Usually, a floater health policy, which covers several members within one insurance contract, is considered a good enough protection for the family. After all, it is unlikely that all of them will fall sick at the same time or the same year.
But COVID-19 has changed these perceptions. Many have realised that family floater policies can indeed fall short as multiple members might have to be hospitalised at the same time.
This is how the floater covers work: let’s say the sum insured that you have chosen is Rs 5 lakh and you, your spouse and two kids are covered under the policy. Generally, this would be good enough for a young family. You could be hospitalised in a particular year, while your spouse might undergo treatment after a couple of years. The Rs 5-lakh sum insured would come in handy on both occasions. However, in case a family member contracts COVID-19, it is likely that she might pass it on to others too, rendering the family floater inadequate.
If you have similar thoughts, read this guide to getting the switch to an individual policy right.
Should I buy a fresh individual cover or migrate, or port, to a policy?
Ideally, you must look to switch to an individual policy – either offered by the same insurer or any other insurer – instead of buying a fresh one. You can choose an individual plan offered by your current insurance company or look for another insurer. You will then be able to carry forward your waiting period credit for pre-existing illnesses. This is the key benefit of switching rather than buying a fresh policy.

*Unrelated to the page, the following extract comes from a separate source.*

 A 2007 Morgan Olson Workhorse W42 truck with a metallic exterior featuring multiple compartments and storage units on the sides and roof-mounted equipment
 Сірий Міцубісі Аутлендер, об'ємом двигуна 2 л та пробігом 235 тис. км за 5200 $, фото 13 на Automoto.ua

Most policies cover pre-existing conditions such as diabetes and hypertension after four years of buying the policy. This is known as the waiting period. So, if you were to buy a new policy, you will have to serve this waiting period all over again. Instead, if you opt for porting, it will be much shorter. In fact, if you had purchased your existing policy over four years ago, all pre-existing diseases will be covered from day one. This benefit is more valuable than lower premiums that new policies might offer.
What are the limitations?
The waiting period credit will be applicable only to your existing sum insured under the floater policy. “If you buy a policy with a higher sum assured than the family floater policy, then the additional sum assured will not get waiting period benefits,” explains Kapil Mehta, Co-founder, Securenow.in.

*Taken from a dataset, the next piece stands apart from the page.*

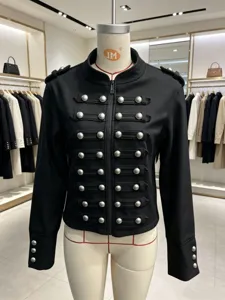 Black military style stand collar jacket with double breasted silver metal buttons and long sleeves.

What is the process that I need to follow?
Approach insurers at least 30 days before the renewal date, intimating them about your intent to switch to an individual policy. However, some insurance companies might allow you to shift even if your renewal is less than 30 days away. “There is a porting form that most insurers will ask you to complete before issuing the new policy. Once this is complete, do go back and inform the insurer that gave the family floater cover that it needs to cover one person less. This will reduce your premium in the family floater,” says Mehta. Typically, insurers will communicate the decision on whether or not they will take you on board within 15 days.
Will I have to pay additional charges for this migration or porting?
No. Insurance regulator IRDAI has asked insurers not to levy any charges for this process. However, it’s up to the insurer to decide whether or not to issue the policy and also the premium you have to pay.